In 2022 was 14,6% van de 25- tot 64-jarigen laaggeschoold, 38,7% middengeschoold en 46,7% hooggeschoold. Laaggeschoolden zijn personen zonder een einddiploma van het secundair onderwijs. Middengeschoolden hebben het secundair onderwijs of het postsecundair niet-hoger onderwijs met succes afgewerkt. Hooggeschoolden beschikken over een diploma hoger onderwijs.

Het aandeel laaggeschoolden daalde tussen 1999 en 2022 van 42,3% naar 14,6%. Een omgekeerde evolutie was er bij de middengeschoolden en de hooggeschoolden: in vergelijking met 1999 zijn de aandelen midden- en hooggeschoolden duidelijk gestegen, respectievelijk van 32,5% naar 38,7% en van 25,2% naar 46,7%. Het aandeel hooggeschoolden is het sterkst gestegen.

Vrouwen vaker hooggeschoold dan mannen

Vrouwen zijn gemiddeld hoger geschoold dan mannen. In 2022 was 51,3% van de vrouwen hooggeschoold tegenover 42,2% van de mannen. Daartegenover staat dat 15,1% van de mannen laaggeschoold is en 14,1% van de vrouwen.

Hoe jonger, hoe vaker hooggeschoold

Zowel bij de 25- tot 34-jarigen (54,3%) als bij de 35- tot 44-jarigen (50,4%) was in 2022 ongeveer de helft hooggeschoold.
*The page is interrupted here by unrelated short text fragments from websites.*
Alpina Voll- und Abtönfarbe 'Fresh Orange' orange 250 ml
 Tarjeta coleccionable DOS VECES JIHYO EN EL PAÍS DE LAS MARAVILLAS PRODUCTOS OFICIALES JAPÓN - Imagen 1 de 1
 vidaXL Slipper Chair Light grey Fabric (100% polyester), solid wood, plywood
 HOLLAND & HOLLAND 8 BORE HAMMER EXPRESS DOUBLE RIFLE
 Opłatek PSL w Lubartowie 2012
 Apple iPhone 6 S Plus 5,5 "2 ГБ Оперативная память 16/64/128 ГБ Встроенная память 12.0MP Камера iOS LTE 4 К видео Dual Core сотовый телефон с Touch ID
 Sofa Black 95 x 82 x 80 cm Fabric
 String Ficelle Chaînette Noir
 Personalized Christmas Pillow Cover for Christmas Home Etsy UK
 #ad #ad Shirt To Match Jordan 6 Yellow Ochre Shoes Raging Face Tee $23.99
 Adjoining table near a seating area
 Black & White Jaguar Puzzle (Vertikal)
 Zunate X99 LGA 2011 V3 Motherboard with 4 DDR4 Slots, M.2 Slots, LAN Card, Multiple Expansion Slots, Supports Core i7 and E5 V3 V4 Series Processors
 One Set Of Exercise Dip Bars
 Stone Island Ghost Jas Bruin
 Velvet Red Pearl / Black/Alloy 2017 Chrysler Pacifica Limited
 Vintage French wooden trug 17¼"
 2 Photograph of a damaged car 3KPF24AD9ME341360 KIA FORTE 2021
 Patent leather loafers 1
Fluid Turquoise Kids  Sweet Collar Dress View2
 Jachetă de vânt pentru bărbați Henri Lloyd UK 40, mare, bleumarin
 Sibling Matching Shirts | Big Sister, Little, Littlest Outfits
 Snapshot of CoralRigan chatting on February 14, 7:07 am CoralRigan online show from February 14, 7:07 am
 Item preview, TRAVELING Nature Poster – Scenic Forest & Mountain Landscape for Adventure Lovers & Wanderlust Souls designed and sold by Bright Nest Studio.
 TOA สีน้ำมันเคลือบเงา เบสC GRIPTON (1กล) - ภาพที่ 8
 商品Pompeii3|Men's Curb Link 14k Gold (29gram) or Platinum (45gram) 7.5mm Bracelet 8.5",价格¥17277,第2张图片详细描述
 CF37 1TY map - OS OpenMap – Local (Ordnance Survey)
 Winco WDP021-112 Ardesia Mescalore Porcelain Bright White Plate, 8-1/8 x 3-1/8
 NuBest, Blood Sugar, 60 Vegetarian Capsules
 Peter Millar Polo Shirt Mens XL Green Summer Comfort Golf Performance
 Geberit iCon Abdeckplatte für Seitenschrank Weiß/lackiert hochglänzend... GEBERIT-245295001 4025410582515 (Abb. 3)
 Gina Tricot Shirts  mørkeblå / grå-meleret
Bij de 45- tot 54-jarigen was dat 46,2% en bij de 55- tot 64-jarigen 37,1%. In die laatste leeftijdsgroep was 23,0% laaggeschoold. Bij de jongere leeftijdsgroepen ligt dat aandeel duidelijk lager (rond de 10%).

Werkenden vaker hooggeschoold, niet-beroepsactieven vaker laaggeschoold

52,6% van de werkenden tussen 25 en 64 jaar was in 2022 hooggeschoold. Bij de personen die werkloos zijn, was 33,5% hooggeschoold. Bij de niet-beroepsactieven (mensen die niet werken en die ook niet actief op zoek zijn naar een job) was dat 22,8%.

Omgekeerd was bij de werkenden 9,4% laaggeschoold. Bij de werklozen was dat 23,6% en bij de niet-beroepsactieven 36,3%.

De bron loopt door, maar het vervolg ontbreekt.